Perhaps, in the end, that's the greatest difference between those who are hawkish on this war and those who oppose it: the former believe the unleashed chaos was not avoidable, and needed to be dealt with sooner rather than later, because dealing with it was inevitable and waiting would only allow those forces to build. The latter didn't see the problem as systemic or deep, and thought the best approach was piecemeal, sporadic, and should be more or less in line with previous policy but a bit intensified. Those on the left who were against the war thought that any chaos involved was the fault of our government and its actions, and that we had created and were responsible for it. Those on the right who were against the war felt that taking the lid off would be a cure worse than the disease.
In the end, one's position on the matter probably depends on how one diagnoses the disease. Was it a small set of carbuncles that could be easily lanced (police action), or a chronic illness that just needed some intervention here and there but nothing drastic (isolationist and/or realpolitik)?

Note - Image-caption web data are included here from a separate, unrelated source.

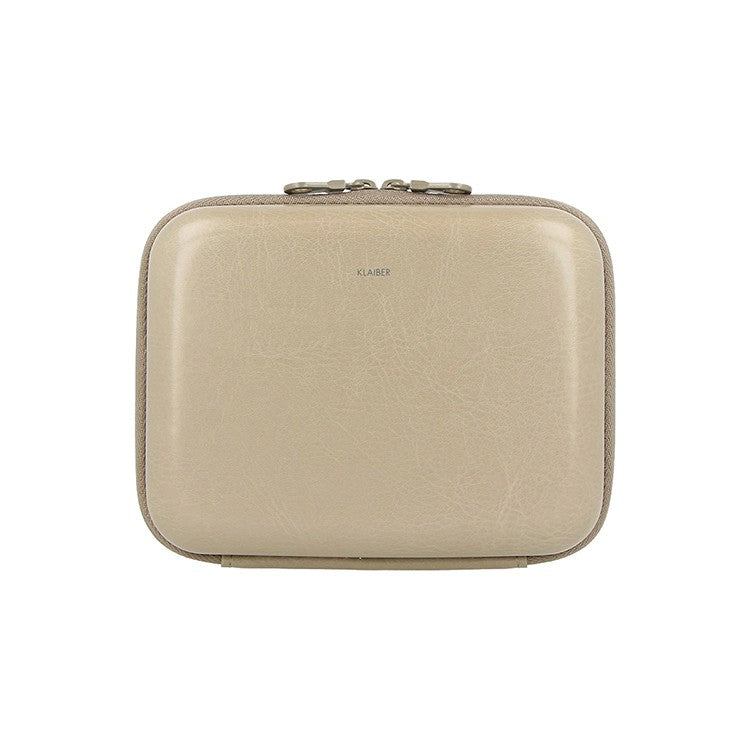 Etui Delfonics Klaiber M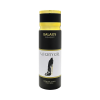 Thumbnail Perfume Galaxy Naughty Girl Spray 200ML0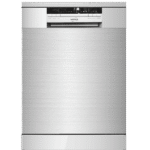 MIDAS Automatic Dishwasher MI141 - 14Place Setting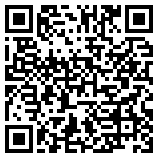 QR Code for Downey Auto Supply in Downey, CA 90241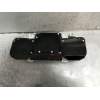 Recambio de cuadro instrumentos para lexus gs (_s16_) 300 (jzs160_) referencia OEM IAM 838003A180 2574107852 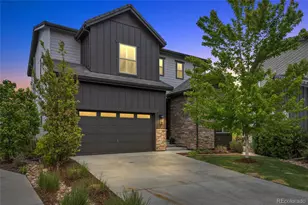10401 Maplebrook Wy, Highlands Ranch, CO 80126 - Photo 1
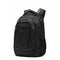 Samsonite Tectonic 2 Backpack, Black, 15.6 Inch
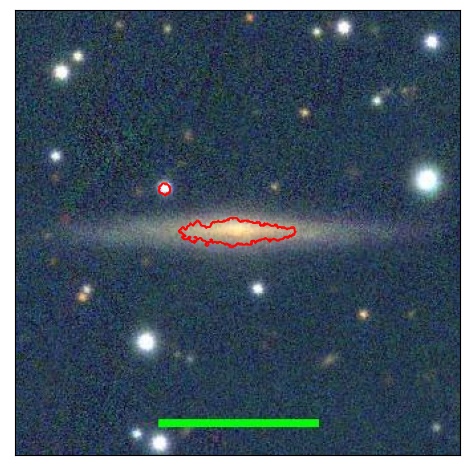 2447_086.0_contour_y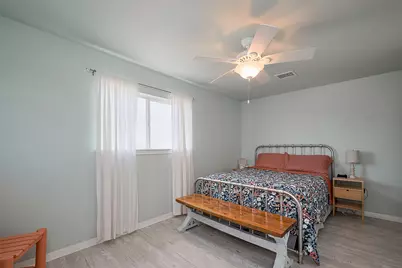 510 Oyster Street, Surfside Beach, TX 77541 - Photo 19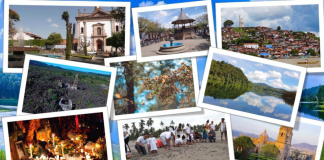 Nomina tu mejor experiencia en Michoacán, últimos días para postular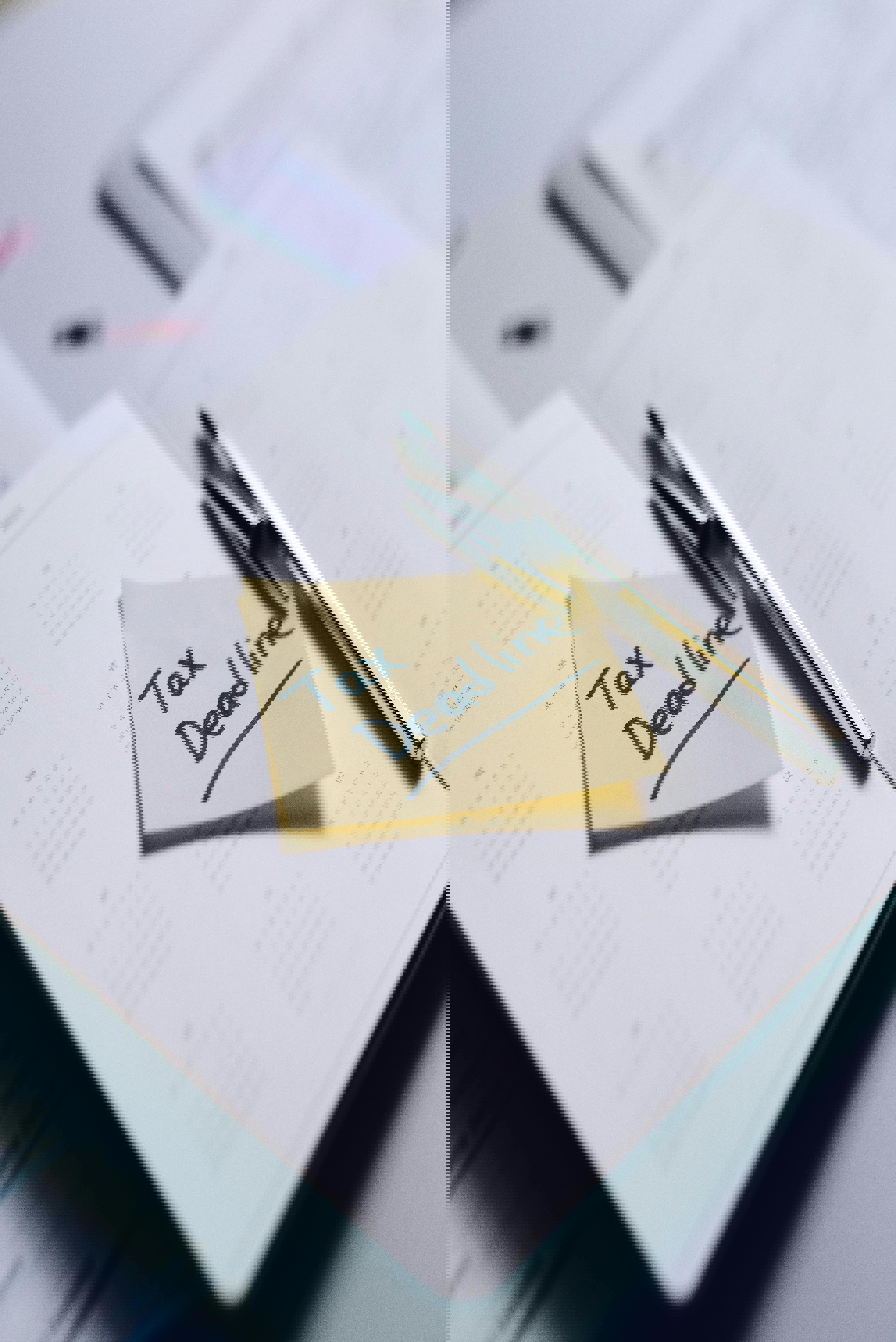 Skal du være ærlig om din økonomi, når du dater?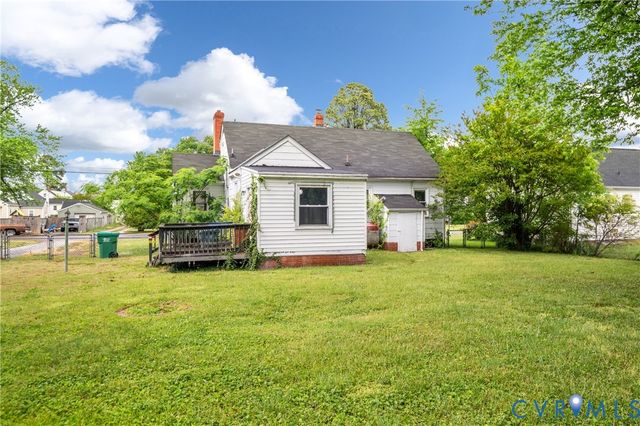 1959 McDonald Rd, Henrico, VA 23222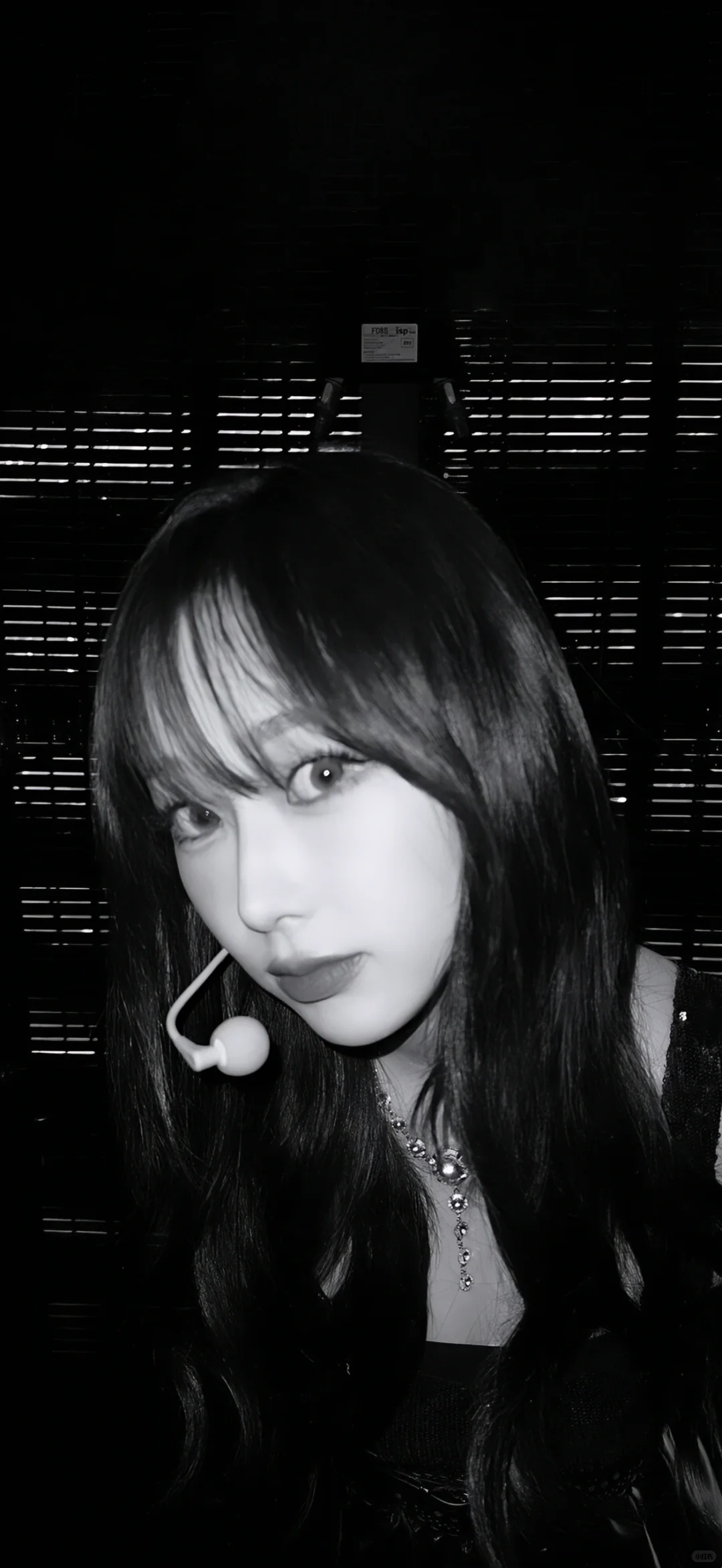 吉赛尔 Giselle 一些壁纸 ❻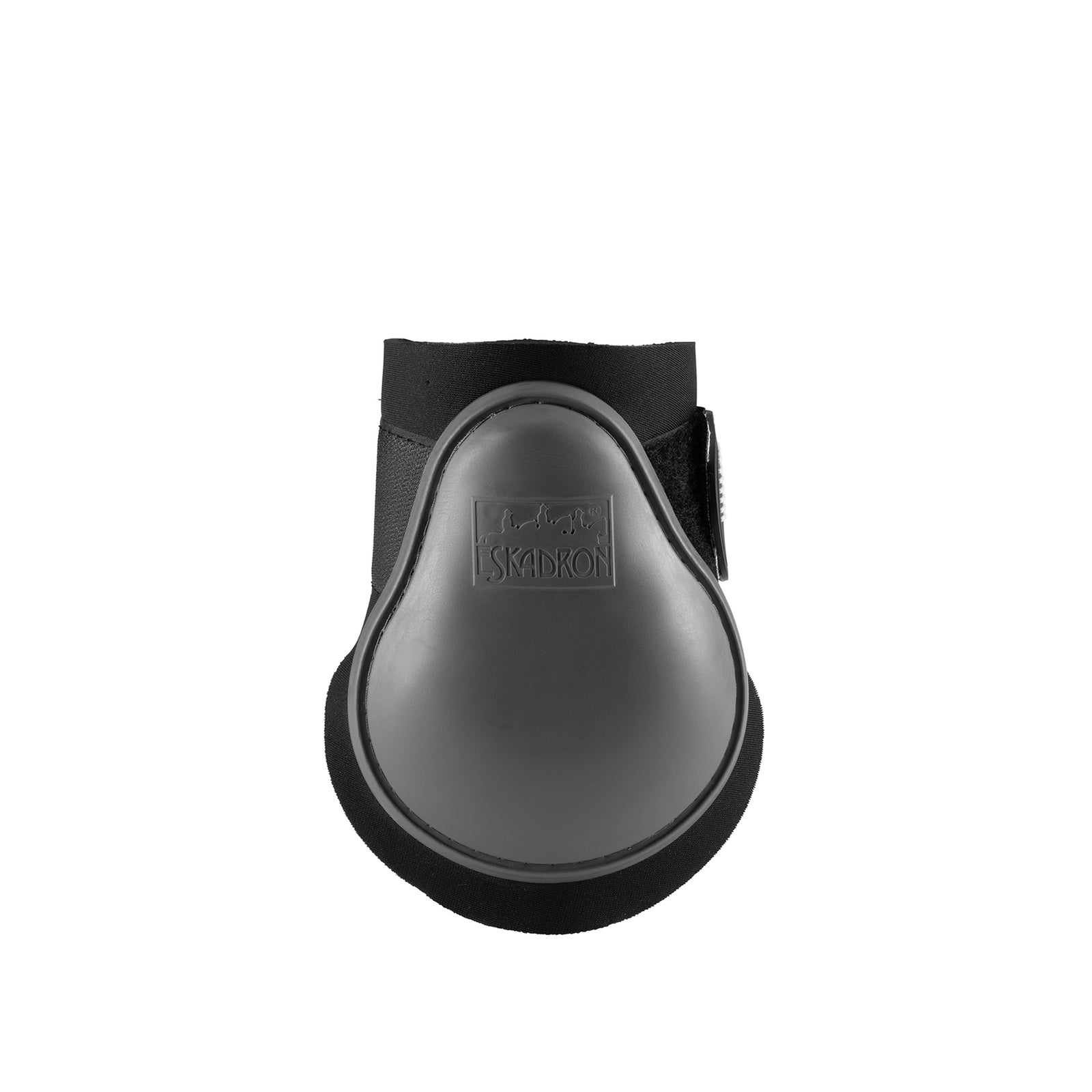 Eskadron Protection bakbeinsbelegg Leg Protection & Hoof Protection for Horses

Or was it a lethal illness that had probably already metastasized, and needed a strong dose of powerful and dangerous medicine to have any hope of cure (neocon, interventionist)?
On September 11, it became to me for the first time--although in retrospect it should have been clear far earlier--that havoc was abroad, and the dogs of war had been loosed. I believed then, and still believe now, that binding them up was going to be a long, hard, difficult, and worldwide effort, one with many hazards along the way, one that would not be perfectly executed--and one that would have to confront the underlying problem of chaos and failed states if it ever was going to be successful.